GENERAL TERMS AND CONDITIONS

The terms and expressions used in the General Terms and Conditions shall have the meanings set out below. They shall apply to all consultancy services provided by NovestConsulting Group, which are delivered entirely or partially to the Client.

1. § Scope of Services

1.1 All legal transactions between Novest Consulting Group hereby known as (“Consultant”) and (“Client”) shall be subjected to these General Terms and Conditions exclusively. The final version valid at the time of conclusion of Contract shall be applicable.

1.2 These General Terms and Conditions shall also apply to any future contractual relationship even if these General Terms and Conditions are not explicitly referred to in additional Contract.

1.3 Any conflicting General Terms and Conditions on the part of Client shall be invalid unless explicitly accepted in writing by Consultant.

1.4 If any provision of these General Terms and Conditions becomes invalid, the other provisions and any Contract concluded pursuant to these provisions shall not be affected thereby. The invalid provision shall be replaced by a valid provision which best corresponds to the intention and economic purpose of the invalid provision.

1.5 In case any provision of these Terms and Conditions may conflict with provisions of an individual Contract concluded with contracting party, the latter shall prevail.

2. § Scope of Consulting Assignments

2.1 The scope of each particular consulting assignment shall be agreed upon by individual Contract by Client and Consultant.
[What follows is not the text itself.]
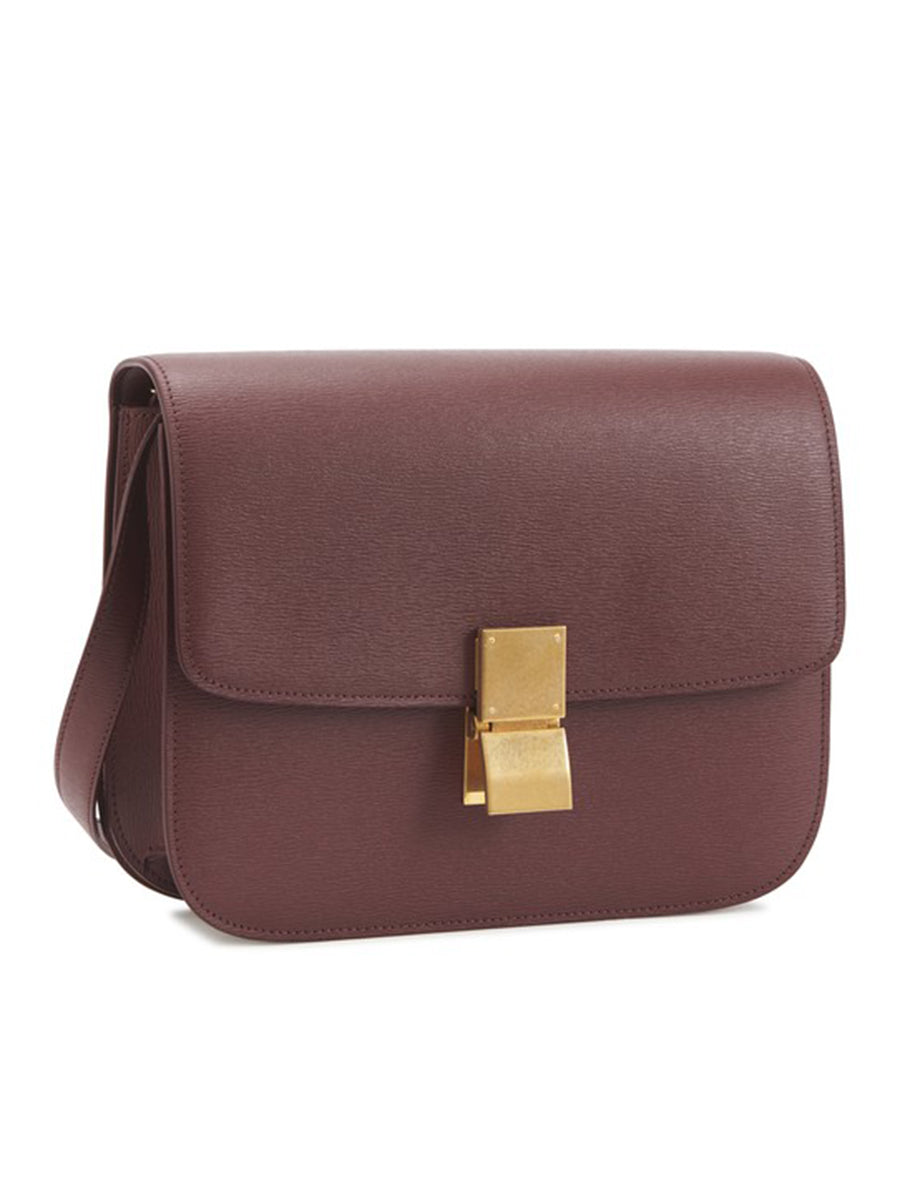 Medium Classic Bag in Grenat Calfskin LiÃƒÆ’Ã‚Â©gÃƒÆ’Ã‚Â©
2.2 Each individual Contract is based on a specific written offer quotation including a cost estimate from Consultant. The offer shall be non-binding until accepted in writing by Client and confirmed by Consultant.​

2.3 Consultant shall be entitled to subcontract, in whole or in part, its services to third parties (e.g. affiliate or subsidiary or independent contractor or experts). This, however, shall not constitute a contractual relationship between Client and the third party.
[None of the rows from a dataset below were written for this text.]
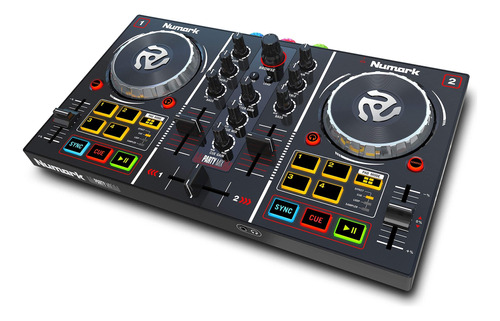 Controlador Dj De La Marca Numark, Modelo Party Mix Para Pr.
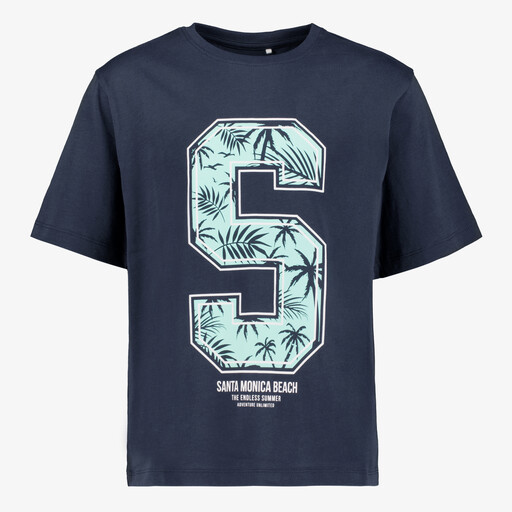 Name It jongens T-shirt blauw met opdruk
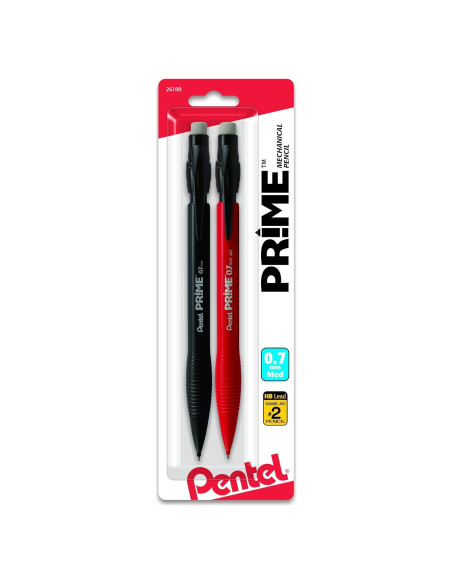 Lápiz Mecánico Pentel Prime 0.7mm Asortido Paquete de 2 Lápiz Mecánico Pentel Prime 0.7mm Asortido Paquete de 2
3. § Data Sharing Agreement

3.1 Client shall ensure a conducive atmosphere at business place during the performance of consulting assignment to allow the consulting process to proceed in a timely and undisturbed manner.

3.2 Client shall also inform Consultant in detail about outcomes of previously conducted or currently active consulting projects.

3.3 Client shall, in a timely manner without special request by Consultant, provide all documents necessary to fulfill and perform the consulting assignment. The same applies to all new developments that become known during the performance of the consulting assignment.

3.4 Client shall ensure that all employees as well as stakeholders are communicated with prior to the commencement of Consultant’s consulting activities.

3.5 Client shall be responsible for the final draft of texts, technical and graphical implementation as well as substantial revision of compliance work with applicable legal obligations.In particular, Client shall ensure compliance to all general legal provisions. In this respect, Client shall indemnify Consultant against any third party claims resulting from non-compliance with national and international legal provisions including any costs of lawsuit and attorney’s fees.

4. § Maintenance of Independence

4.1 Both the Consultant and Client shall ensure commitment to mutual loyalty and integrity.

4.2 Consultant and Client shall be obligated to take all appropriate measures to ensure that the independence of third parties mandated by Consultant is not jeopardized. Particularly, this shall apply to any solicitation offers by Client to Consultant’s employees and third party.

5. § Obligation to Report

5.1 Consultant shall be obligated to draft a final report about service provision within a reasonable time upon completion of the assignment and forward it to Client. Results for ongoing reporting shall be free from speculation by Client.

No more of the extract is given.